I'm a little confused over the maximum CPU count supported by SQL 2005 Standard Edition (this particular edition supports four CPUs).
Does the figure refer to four physical CPUs regardless of whether they are dual-cored or hyperthreaded, or does the figure refer to the number of logical CPUs available to the OS?

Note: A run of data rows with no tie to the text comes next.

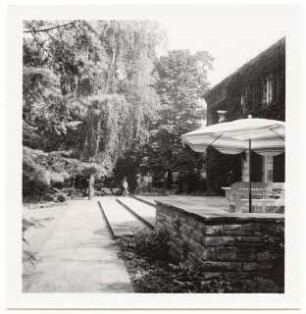 Garten Karl Hanke, Berlin-Grunewald: Blick zur Terrasse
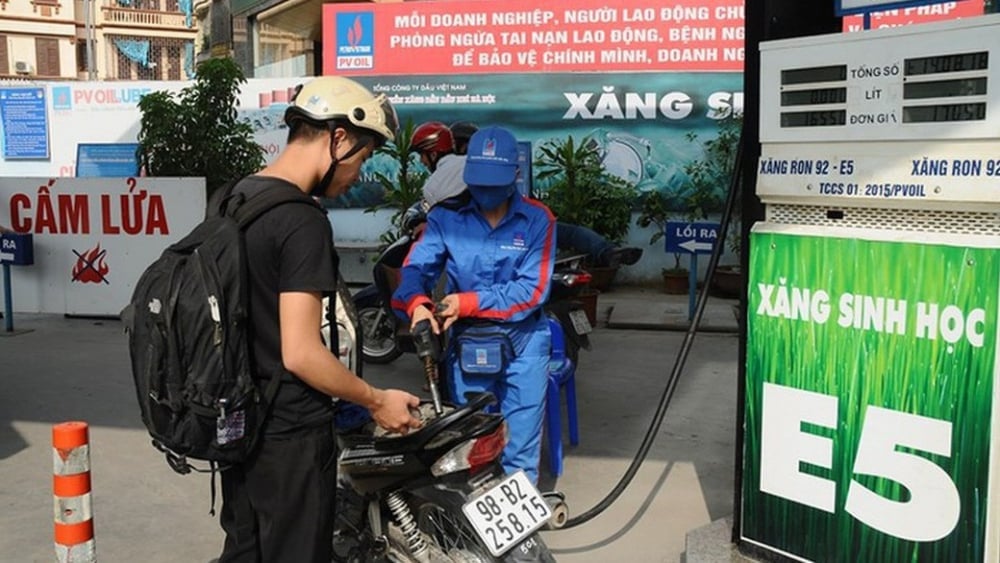 Nếu bỏ bán xăng RON 95, giá xăng E5 sẽ tăng vùn vụt?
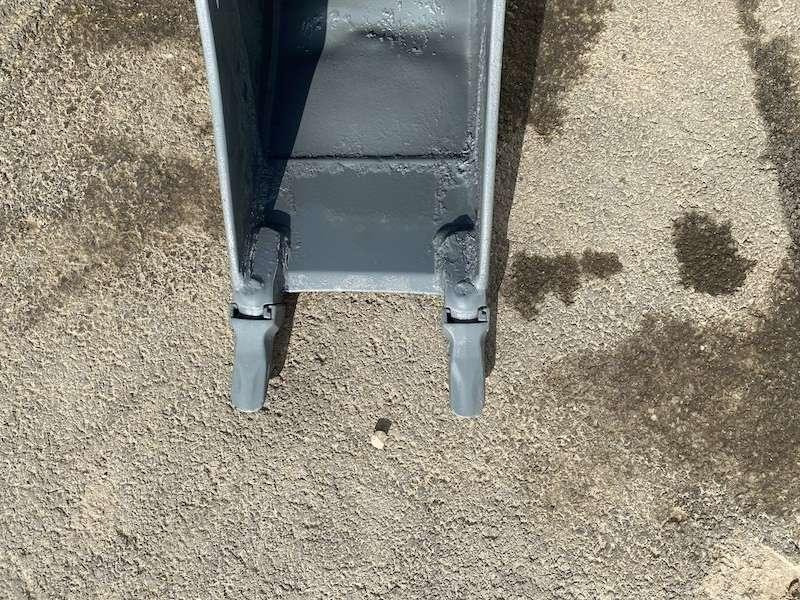 MECALAC 340mm - séries 8 / 10 / 11 et 12 - Cupă excavator: Foto 2 MECALAC 340mm - séries 8 / 10 / 11 et 12 - Cupă excavator: Foto 2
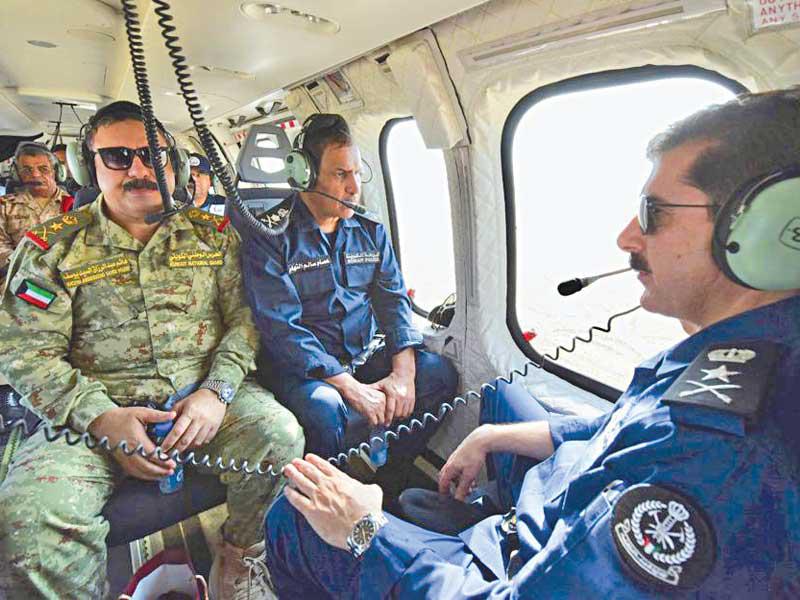 أعضاء لجنة الدفاع المدني خلال الجولة 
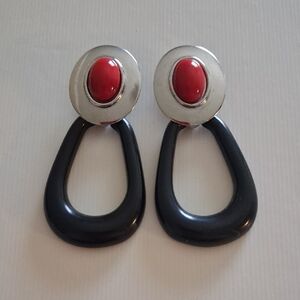 Vintage 80s 90s Silver, Red, And Black Statement Clip-on Earrings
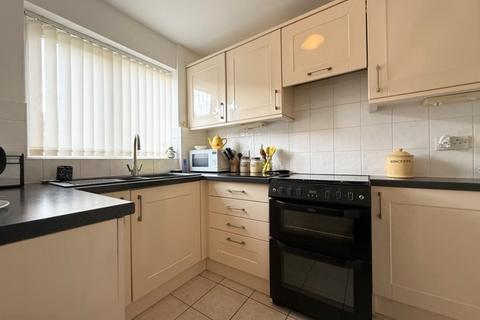 3 bedroom semi-detached house for sale, Dunston Drive, Chase Terrace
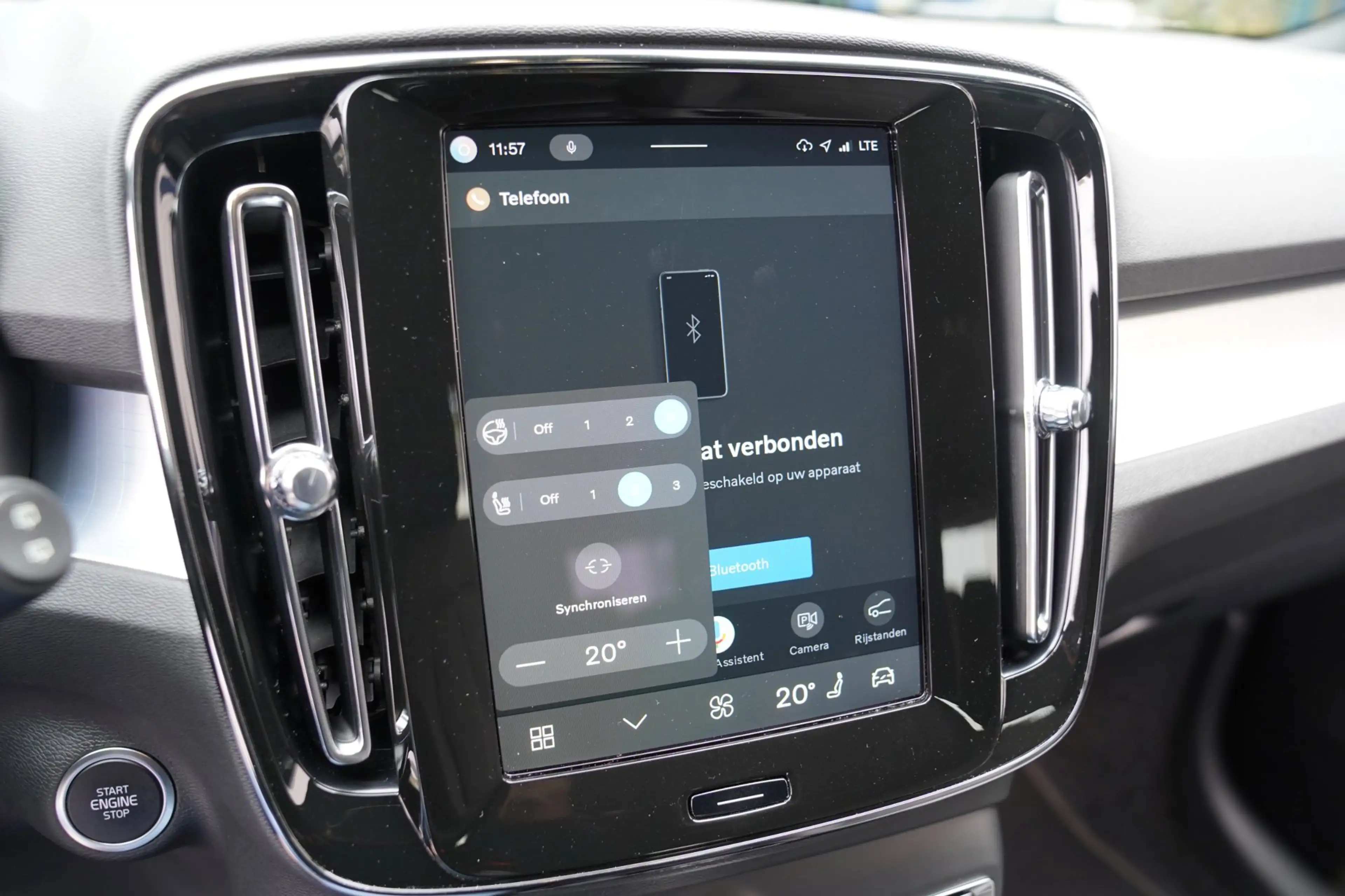 Volvo XC40 2.0 B4 Plus Dark|Prijs rijklaar incl 12 mnd garant — photo 40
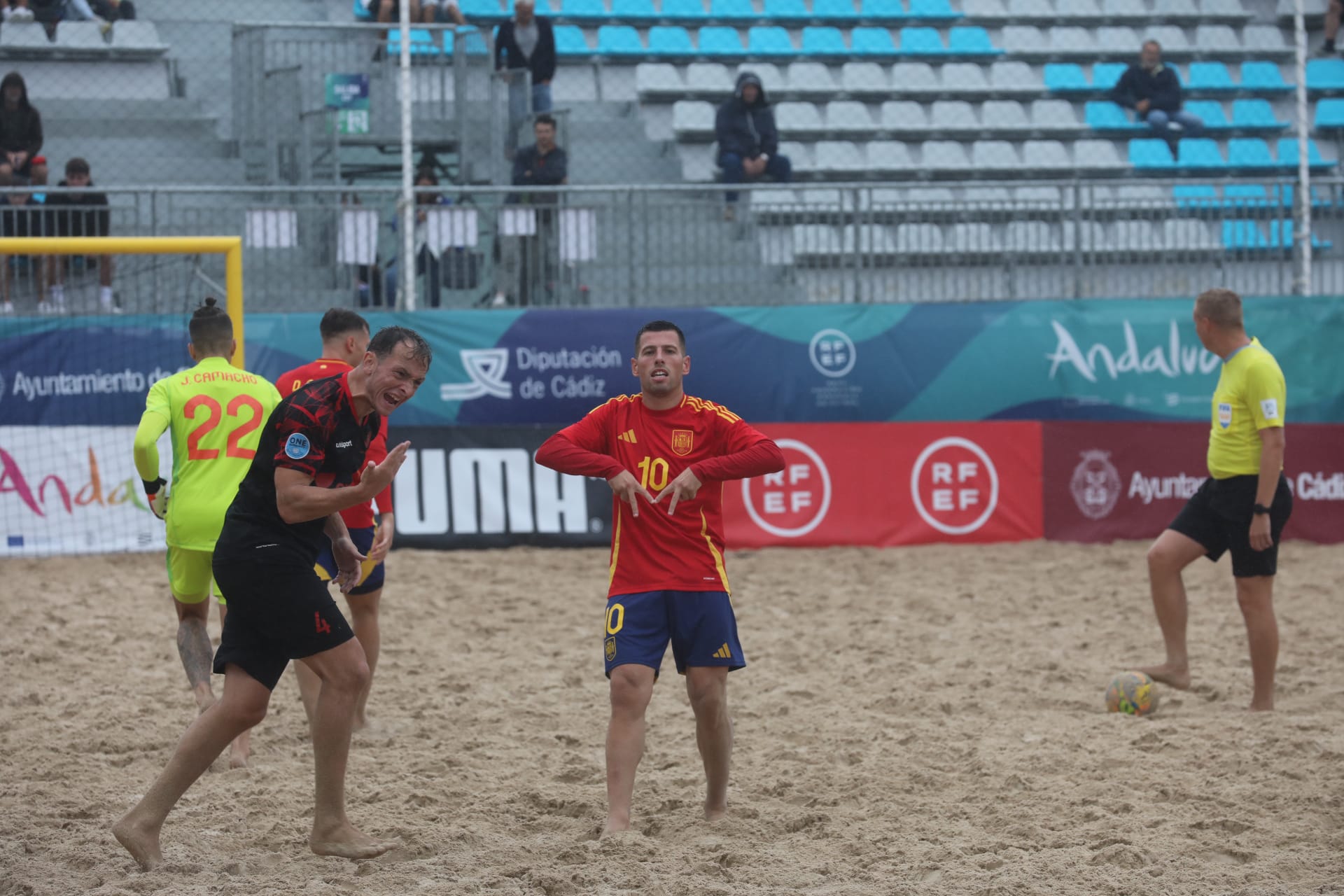 Fotos: La selección española de fútbol playa juega en la playa de la Victoria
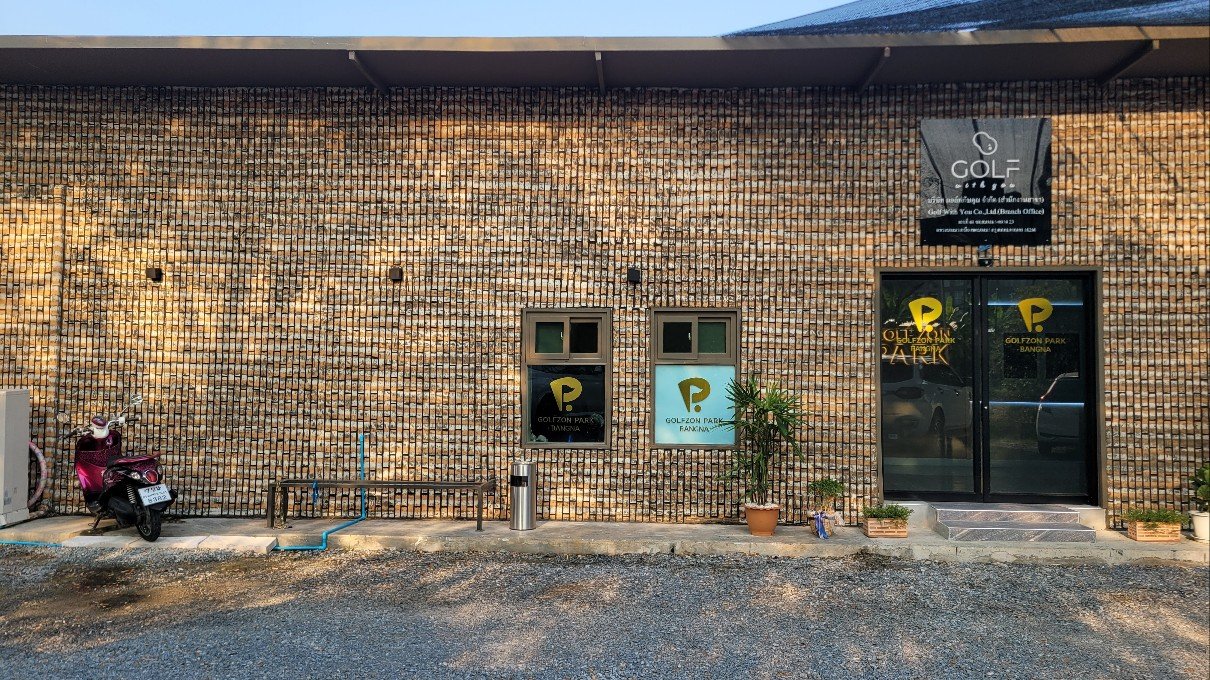 Golfzon Park Bangna front entrance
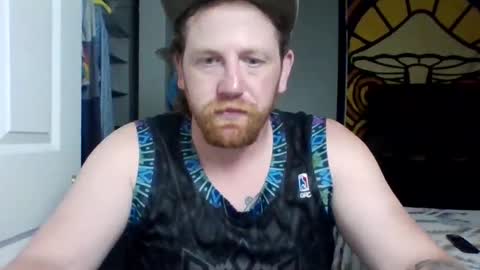 Snapshot of bigred382055 chatting on 10-06-25, 10:02 Joon online show from 10-06-25, 10:02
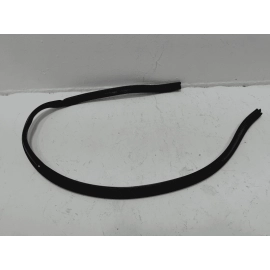 2017-2022 HONDA CR-V FRONT HOOD BONNET SEAL WEATHERSTRIP RUBBER OEM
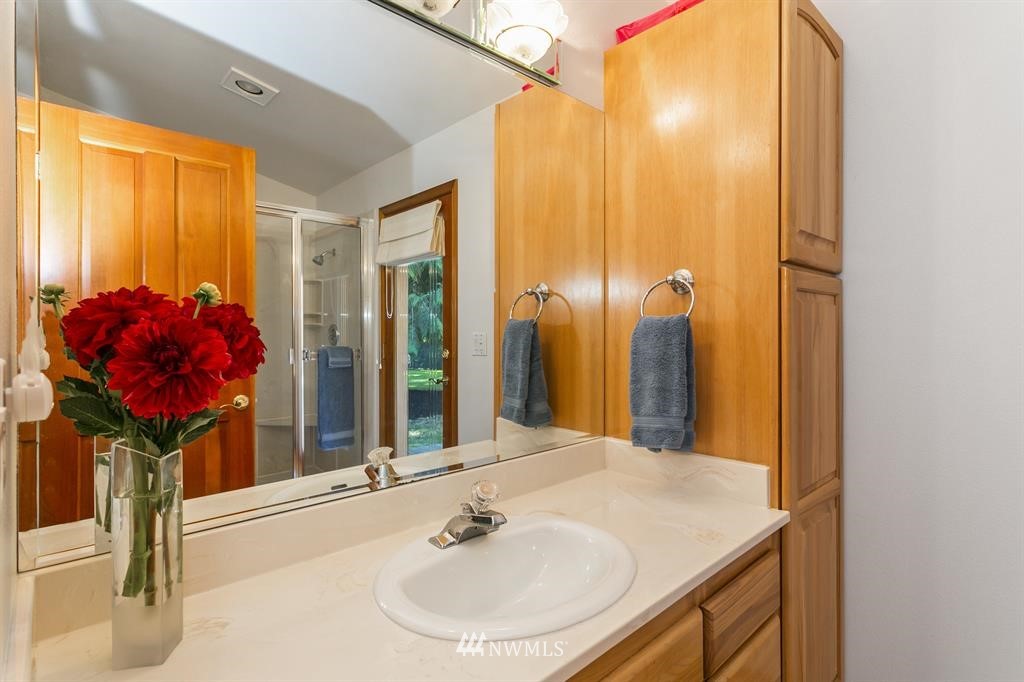 11934 Fay Road Northeast Carnation, WA 98014 - Photo 14 of 24 Gallery Image 14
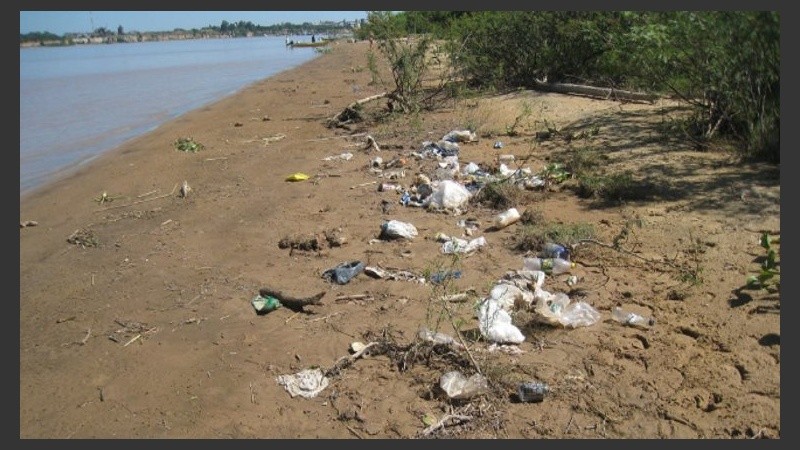 Residuos de todo tipo tapizan la playa de la isla.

Let me cut to the chase - if I purchase a server containing four dual-core CPUs and install SQL Server 2005 Standard, will SQL Server see the eight CPUs and utilise a maximum of four of these, or will it be able to use all eight (because there are actually only four physical CPUs)?
Thanks, Chris.
Hi,
all is physical CPUs, as well as licencing and limitations.
HTH, Jens K. Suessmeyer.
http://www.sqlserver2005.de
|||Hi Jens, thanks for the reply.
Just to clarify in my own mind - are you saying that an instance of SQL Server 2005 Standard will be able to fully utilise four dual-core CPUs (i.e. all eight logical CPUs)?
Thanks again, Chris.
|||Well, interesting thing, I would assume you could use them as SQL Server starts a separate scheduler for the single core:http://support.microsoft.com/kb/914278/en-us
Don′t thing that this differs much from the full editions.
HTH, Jens K. Suessmeyer.
http://www.sqlserver2005.de|||
SQL Server 2005 only counts physical CPU's for licensing purposes, whether they are hyper-threaded, dual-core, or quad-core. SQL Server 2005 will use all of the logical CPU's that are present, based on the physical CPU count limitation.
You should be careful about getting Standard Edition instead of Enterprise Edition. Lots of important features, such as online index rebuild, online restore and fast recovery are only in Enterprise Edition.